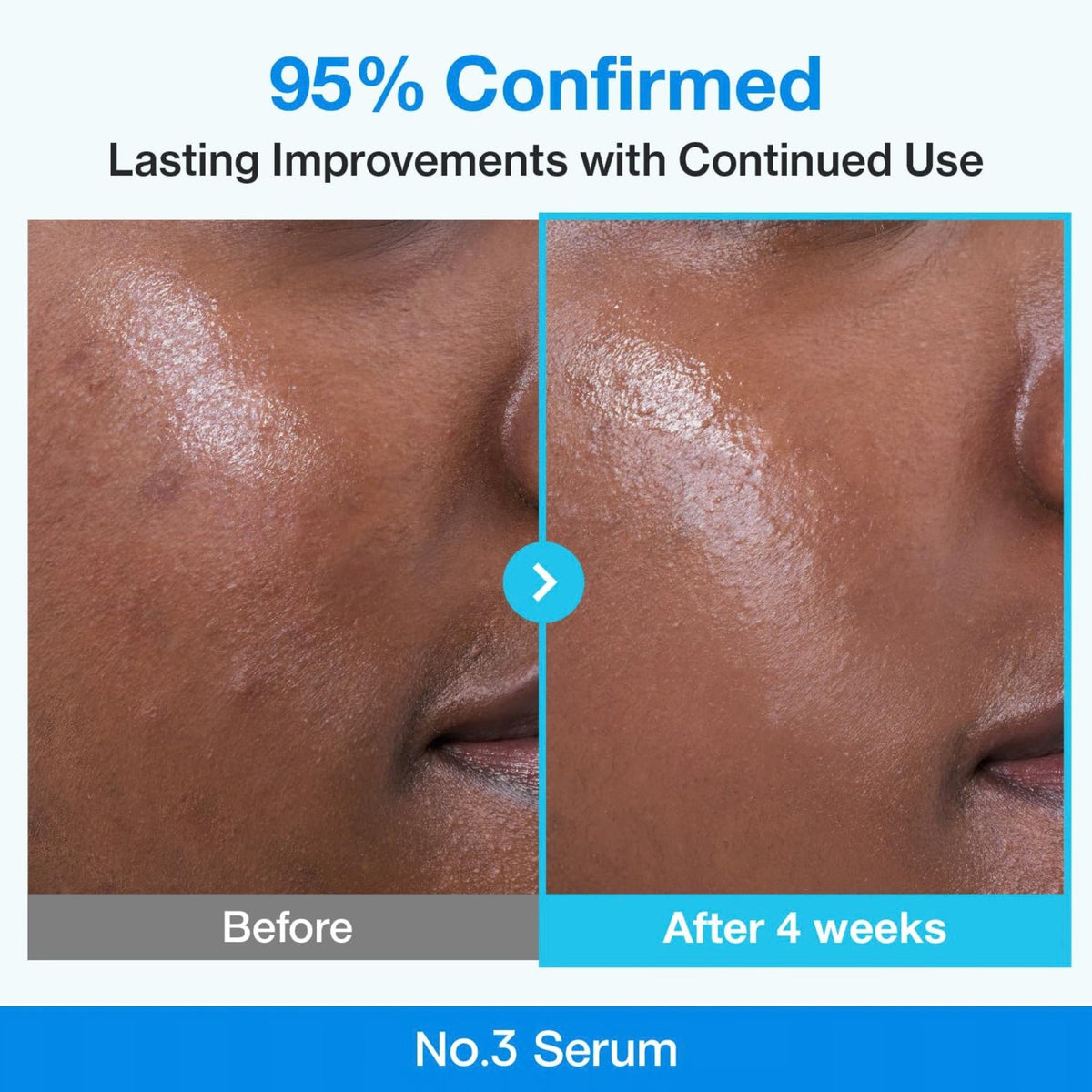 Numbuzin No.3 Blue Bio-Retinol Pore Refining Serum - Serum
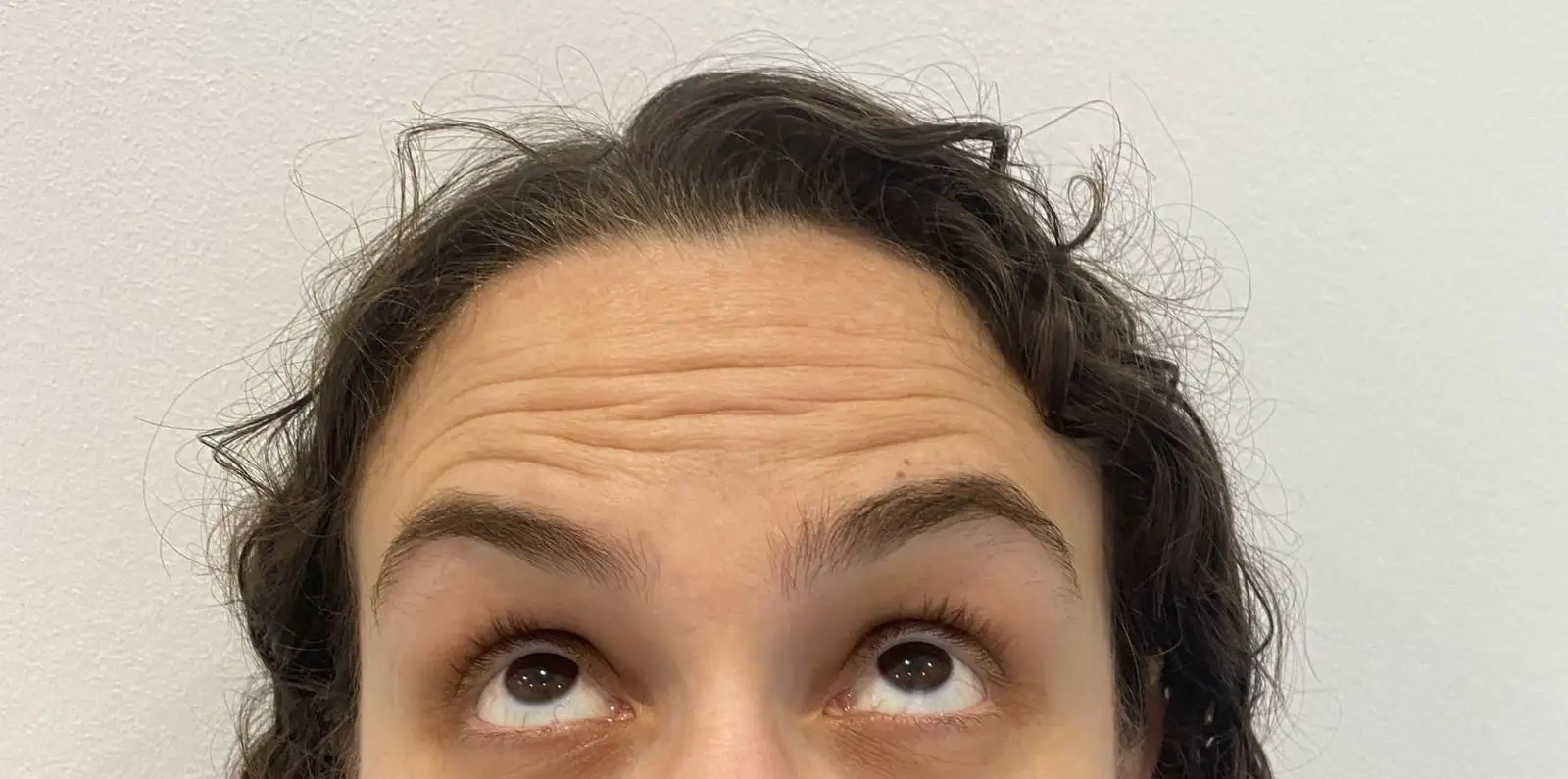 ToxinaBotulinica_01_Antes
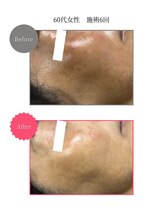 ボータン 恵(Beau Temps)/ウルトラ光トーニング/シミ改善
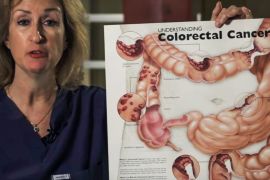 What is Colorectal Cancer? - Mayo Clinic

## INSTRUCTIONS TO FOLLOW
Without any pictures, print the whole listing again exactly as it stands.

## RESULT OF THE TASK
 Numbuzin No.3 Blue Bio-Retinol Pore Refining Serum - Serum
 ToxinaBotulinica_01_Antes
 ボータン 恵(Beau Temps)/ウルトラ光トーニング/シミ改善
 What is Colorectal Cancer? - Mayo Clinic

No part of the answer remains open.